Median home prices have increased in Benton Harbor from $67,500 in April 2011 to $101,000 in March, according to real estate site Trulia Inc. — though much of that could be linked to the high-end, often $800,000-plus homes at the Harbor Shores development.
Noel said the project was designed to be sensitive to the blight of the surrounding community.
"Many urban redevelopment projects are seen as displacing poorer residents because new development does create change," Noel said. "The Harbor Shores project is as well designed a process to avoid gentrification as is possible. The project is intended to spur opportunity in and around the development area...Harbor Shores does not allow the construction of gated communities, and all developments have public bike and walking trails that run through them."
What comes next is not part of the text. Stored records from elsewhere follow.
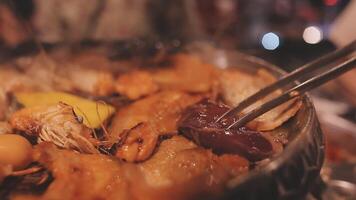 dichtbij omhoog schot van hand- Koken Koreaans gegrild varkensvlees buik vlees en gebruik schaar naar besnoeiing vlees Aan ijzer rooster pan.varkensvlees buik Aan een grill, samgyupsal, koken varkensvlees buik Aan een pan, koreaans varkensvlees barbecue video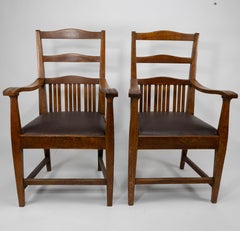 Walter Cave Attri. A pair of Arts & Crafts oak armchairs with curvaceous backs
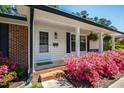 Inviting front porch with colorful azaleas and a cozy seating area at 5920 North Hills Dr, Raleigh, NC 27609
The 530-acre tract of land for the project was formerly occupied by shuttered manufacturing plants — more than 140,000 tons of solid waste was removed from the site, Noel said.
"The signs of physical change within Harbor Shores have helped to build momentum and with it a community spirit embodying a 'can do attitude,' " Noel said.
Whirlpool continues its own brand of socioeconomic engineering by creating diversity within the community of its predominantly white-collar workforce. Whirlpool employs roughly 4,000 in the Benton Harbor region, Noel said, 2,000 of whom have advanced degrees.
Whirlpool established a lesbian, gay, bisexual and transgender network and has achieved a perfect score for the past 13 years from the Human Rights Campaign's U.S. Corporate Equality Index — which measures how well corporations treat LGBT employees.
"In some respects, what we've done has been by design and happenstance," Noel said. "Our workforce has to reflect our customer base, and we've made a commitment to those values. We attract great employees, and they're helping shape this community. As a global leader, we have to not only be progressive, we need to be successful."
Muhammad said the community is at an advantage to have the multinational corporation within its borders, even if tension still exists.
"There's definitely mixed feelings, but people in the community have gone to college on Whirlpool checks. We have retirees getting Whirlpool pensions. That's a lot of good that's gone around," Muhammad said. "We don't want to live in the past as a community, and we're intrinsically linked to Whirlpool and are happy to have their presence ... but I haven't met one person that doesn't agree that we need a plant to provide jobs to this community. I would be the biggest cheerleader and would have a pair of scissors the size of Trump Tower to cut that ribbon (for a grand opening)."